▶ _WORK INSTRUCTION_: Read through the lines below and copy the ones holding the string "came".

(Saved entries)
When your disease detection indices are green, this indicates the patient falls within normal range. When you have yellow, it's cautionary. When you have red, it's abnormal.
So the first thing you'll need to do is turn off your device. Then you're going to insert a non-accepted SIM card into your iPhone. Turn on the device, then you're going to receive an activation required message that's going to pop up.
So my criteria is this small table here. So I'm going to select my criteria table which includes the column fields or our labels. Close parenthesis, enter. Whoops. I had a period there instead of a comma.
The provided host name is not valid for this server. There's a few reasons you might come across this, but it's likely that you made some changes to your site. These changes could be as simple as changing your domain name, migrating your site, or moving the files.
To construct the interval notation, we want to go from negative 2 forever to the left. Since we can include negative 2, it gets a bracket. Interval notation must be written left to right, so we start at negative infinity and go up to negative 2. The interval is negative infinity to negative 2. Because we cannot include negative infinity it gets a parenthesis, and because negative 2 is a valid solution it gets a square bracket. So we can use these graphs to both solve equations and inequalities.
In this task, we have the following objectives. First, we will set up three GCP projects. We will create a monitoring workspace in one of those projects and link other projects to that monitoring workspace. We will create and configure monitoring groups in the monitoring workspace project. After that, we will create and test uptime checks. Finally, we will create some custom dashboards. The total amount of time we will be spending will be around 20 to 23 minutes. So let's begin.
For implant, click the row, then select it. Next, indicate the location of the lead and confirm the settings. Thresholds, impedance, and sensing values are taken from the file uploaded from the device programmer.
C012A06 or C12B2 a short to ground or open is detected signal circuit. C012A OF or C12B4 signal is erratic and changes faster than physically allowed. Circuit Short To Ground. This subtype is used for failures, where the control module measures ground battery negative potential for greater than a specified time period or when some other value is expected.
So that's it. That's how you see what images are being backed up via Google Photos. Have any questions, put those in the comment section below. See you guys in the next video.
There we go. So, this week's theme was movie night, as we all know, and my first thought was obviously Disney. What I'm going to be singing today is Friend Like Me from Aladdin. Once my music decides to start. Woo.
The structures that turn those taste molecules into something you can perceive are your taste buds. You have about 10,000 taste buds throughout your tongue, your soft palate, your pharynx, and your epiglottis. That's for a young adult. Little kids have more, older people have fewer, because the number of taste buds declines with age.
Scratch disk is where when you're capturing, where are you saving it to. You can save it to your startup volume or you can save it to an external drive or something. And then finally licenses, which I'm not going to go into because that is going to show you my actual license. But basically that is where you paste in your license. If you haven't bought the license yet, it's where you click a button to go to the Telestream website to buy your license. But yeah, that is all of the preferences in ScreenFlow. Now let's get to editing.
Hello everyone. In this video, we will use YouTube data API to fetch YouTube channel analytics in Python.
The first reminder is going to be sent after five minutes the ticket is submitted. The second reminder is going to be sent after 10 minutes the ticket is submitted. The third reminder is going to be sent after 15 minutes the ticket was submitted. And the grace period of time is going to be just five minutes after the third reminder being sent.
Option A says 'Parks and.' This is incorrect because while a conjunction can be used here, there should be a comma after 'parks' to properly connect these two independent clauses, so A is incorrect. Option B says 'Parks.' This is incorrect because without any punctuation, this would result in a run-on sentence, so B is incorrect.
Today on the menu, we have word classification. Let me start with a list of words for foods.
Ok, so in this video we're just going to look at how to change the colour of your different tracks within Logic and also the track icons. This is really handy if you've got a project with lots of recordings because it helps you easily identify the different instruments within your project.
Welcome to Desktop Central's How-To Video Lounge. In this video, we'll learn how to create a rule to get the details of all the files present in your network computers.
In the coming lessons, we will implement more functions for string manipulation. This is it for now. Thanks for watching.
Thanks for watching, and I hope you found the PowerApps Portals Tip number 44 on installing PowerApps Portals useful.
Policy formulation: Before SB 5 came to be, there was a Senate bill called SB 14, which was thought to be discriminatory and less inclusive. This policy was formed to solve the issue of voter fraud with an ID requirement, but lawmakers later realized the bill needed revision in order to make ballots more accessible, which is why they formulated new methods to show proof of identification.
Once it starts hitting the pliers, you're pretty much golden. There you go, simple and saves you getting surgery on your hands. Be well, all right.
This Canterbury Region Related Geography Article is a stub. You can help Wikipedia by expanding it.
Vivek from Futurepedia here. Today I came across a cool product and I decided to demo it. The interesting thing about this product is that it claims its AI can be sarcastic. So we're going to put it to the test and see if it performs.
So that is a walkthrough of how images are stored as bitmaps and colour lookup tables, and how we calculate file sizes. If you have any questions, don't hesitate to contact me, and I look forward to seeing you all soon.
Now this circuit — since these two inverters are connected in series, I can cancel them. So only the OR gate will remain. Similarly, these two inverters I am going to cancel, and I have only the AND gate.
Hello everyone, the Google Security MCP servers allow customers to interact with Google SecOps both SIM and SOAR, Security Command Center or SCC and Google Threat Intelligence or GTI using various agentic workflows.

▶ _YOUR SOLUTION_:
Policy formulation: Before SB 5 came to be, there was a Senate bill called SB 14, which was thought to be discriminatory and less inclusive. This policy was formed to solve the issue of voter fraud with an ID requirement, but lawmakers later realized the bill needed revision in order to make ballots more accessible, which is why they formulated new methods to show proof of identification.
Vivek from Futurepedia here. Today I came across a cool product and I decided to demo it. The interesting thing about this product is that it claims its AI can be sarcastic. So we're going to put it to the test and see if it performs.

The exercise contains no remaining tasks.